*** LISTED RECORDS ***

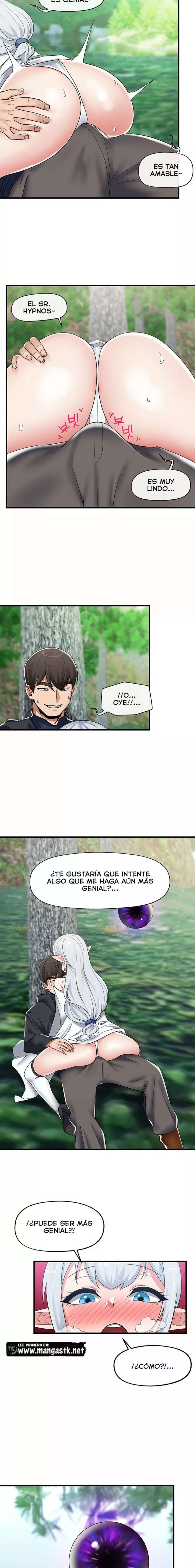 Me Encanta la Hipnosis de Este Mundo Capitulo 45 página 2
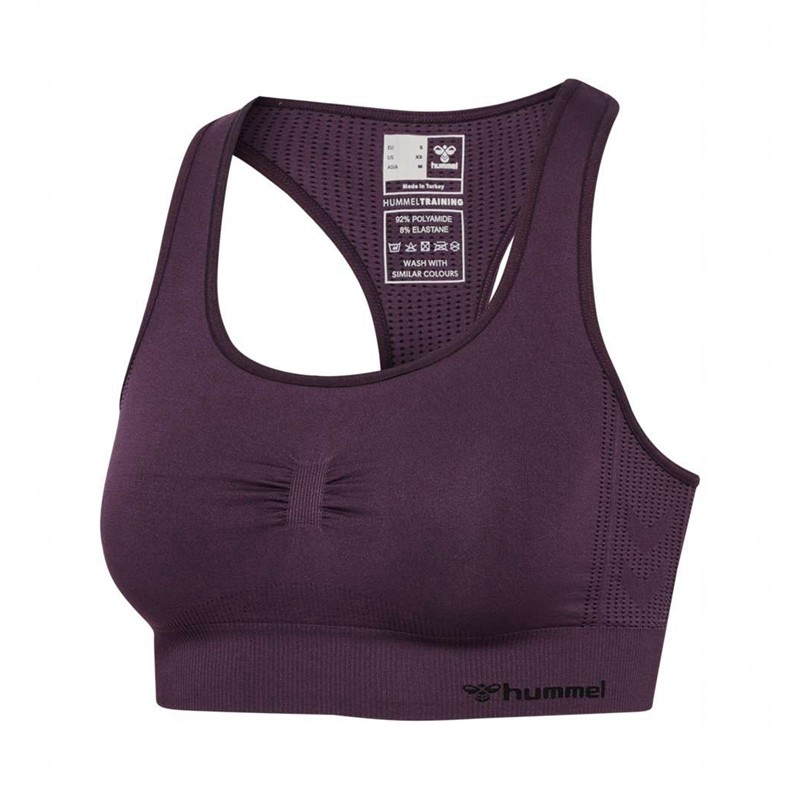 Dámské Tenisky Hummel Mt Shaping Seamless Top Fialové | 555382-922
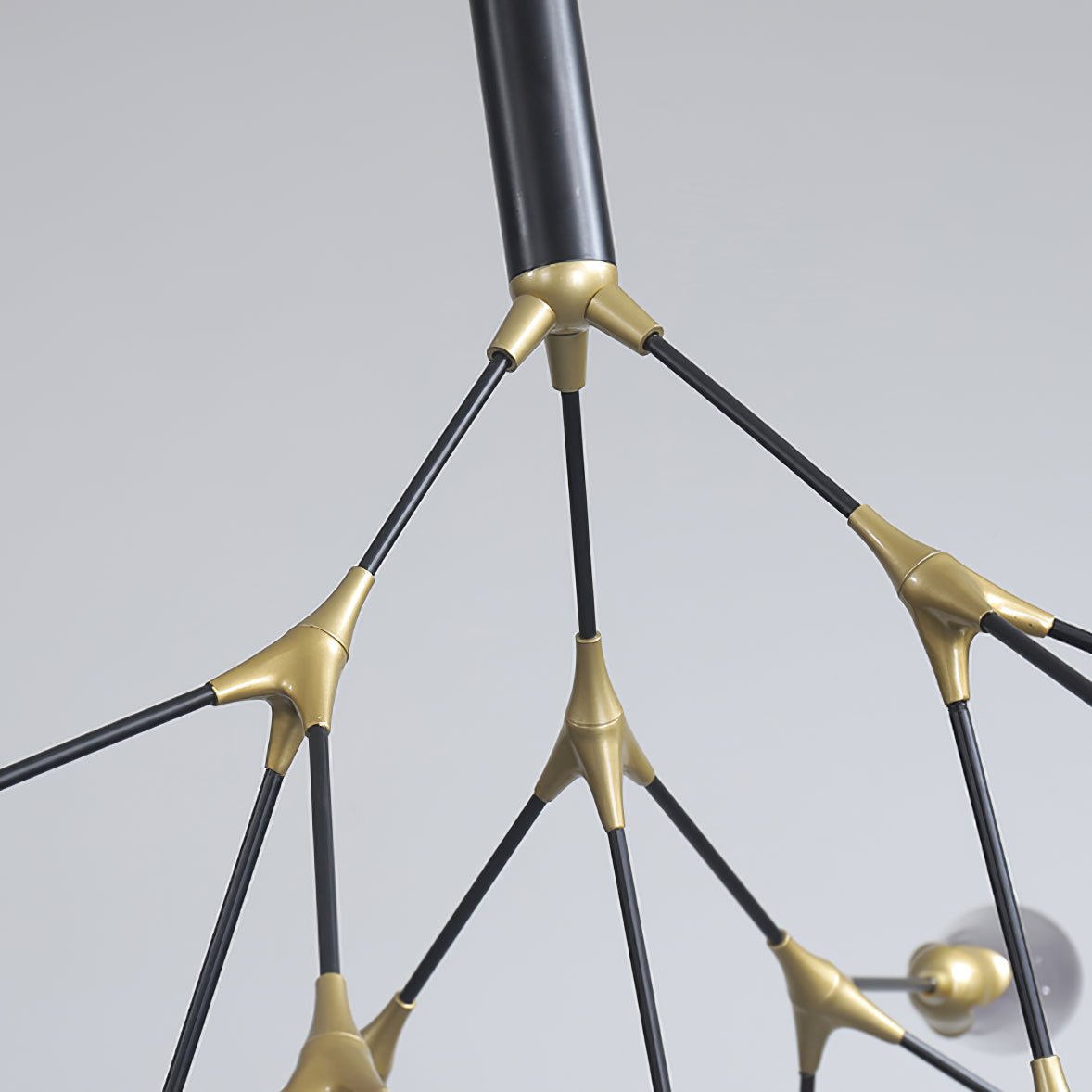 Aiwen Chandelier - Lumpaz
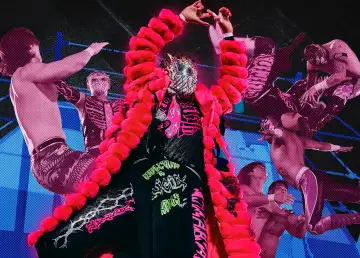 Your Guide to Pro Wrestling is Hong Kong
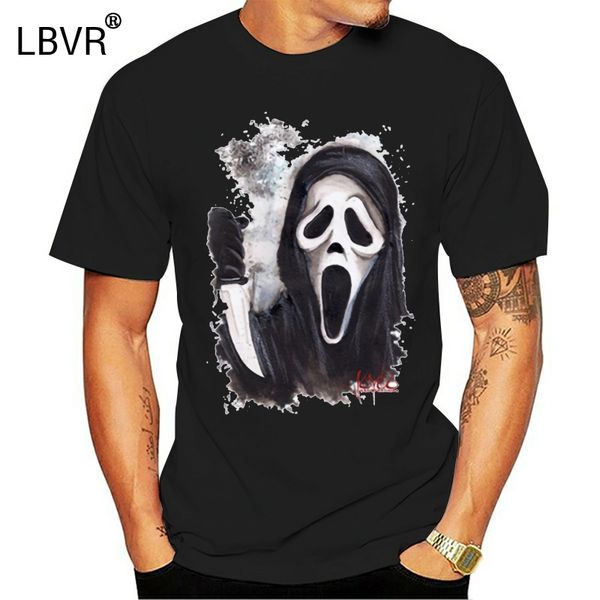 

film scream men short sleeve horror movie scream 3d clothing men printed summer classic cotton tees hoodie designers t shirts sweatshirt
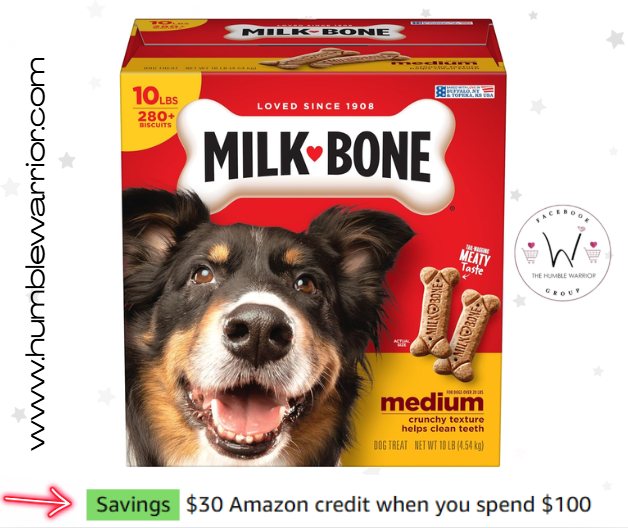 Milk-Bone Original Dog Biscuits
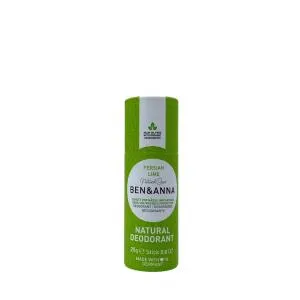 Ben & Anna Deo Persian Lime 25 g - utazócsomagban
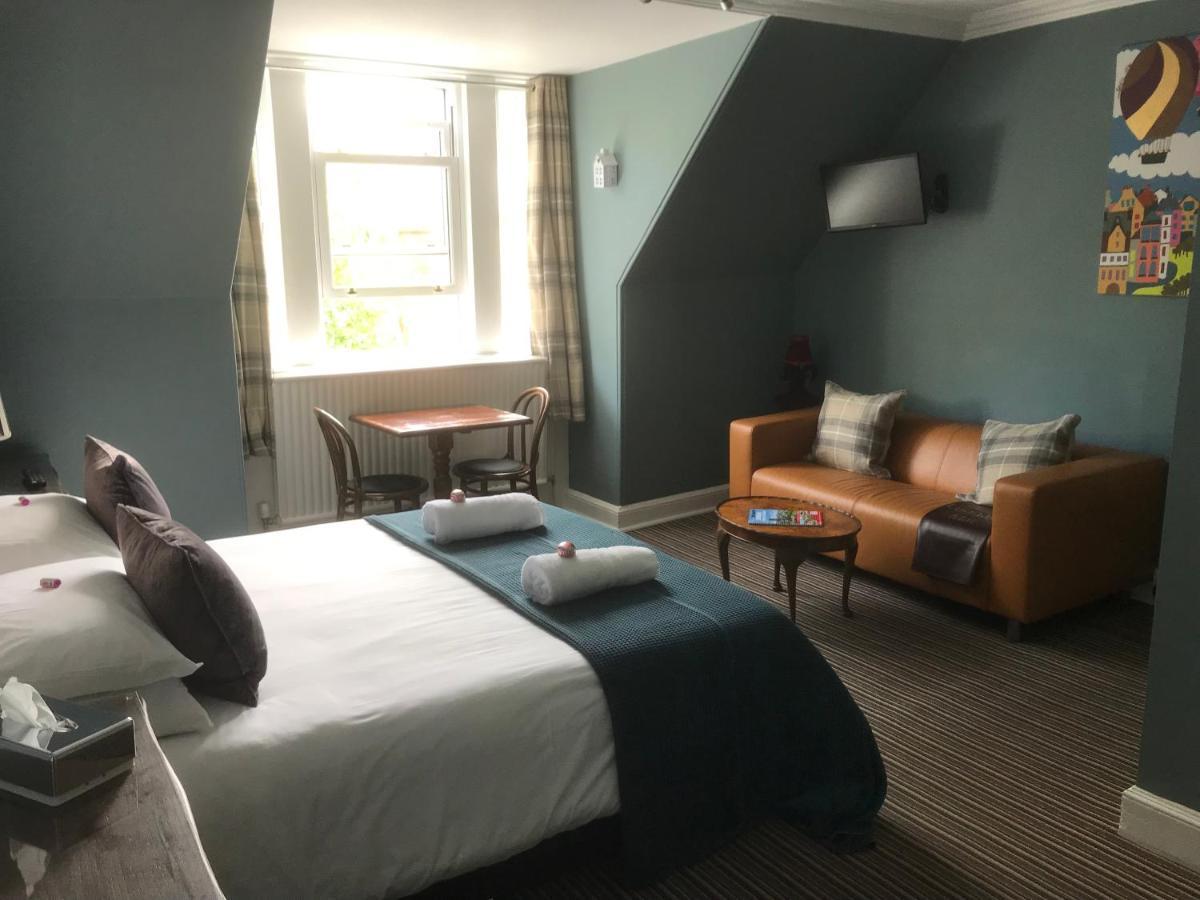 Albyn Townhouse Gasthuis 4*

*** End of LISTED RECORDS ***

**ASSIGNMENT**
Output the whole listing again, exactly, without its pictures.

**REPLY TO THE TASK**
 Me Encanta la Hipnosis de Este Mundo Capitulo 45 página 2
 Dámské Tenisky Hummel Mt Shaping Seamless Top Fialové | 555382-922
 Aiwen Chandelier - Lumpaz
 Your Guide to Pro Wrestling is Hong Kong

film scream men short sleeve horror movie scream 3d clothing men printed summer classic cotton tees hoodie designers t shirts sweatshirt
 Milk-Bone Original Dog Biscuits
 Ben & Anna Deo Persian Lime 25 g - utazócsomagban
 Albyn Townhouse Gasthuis 4*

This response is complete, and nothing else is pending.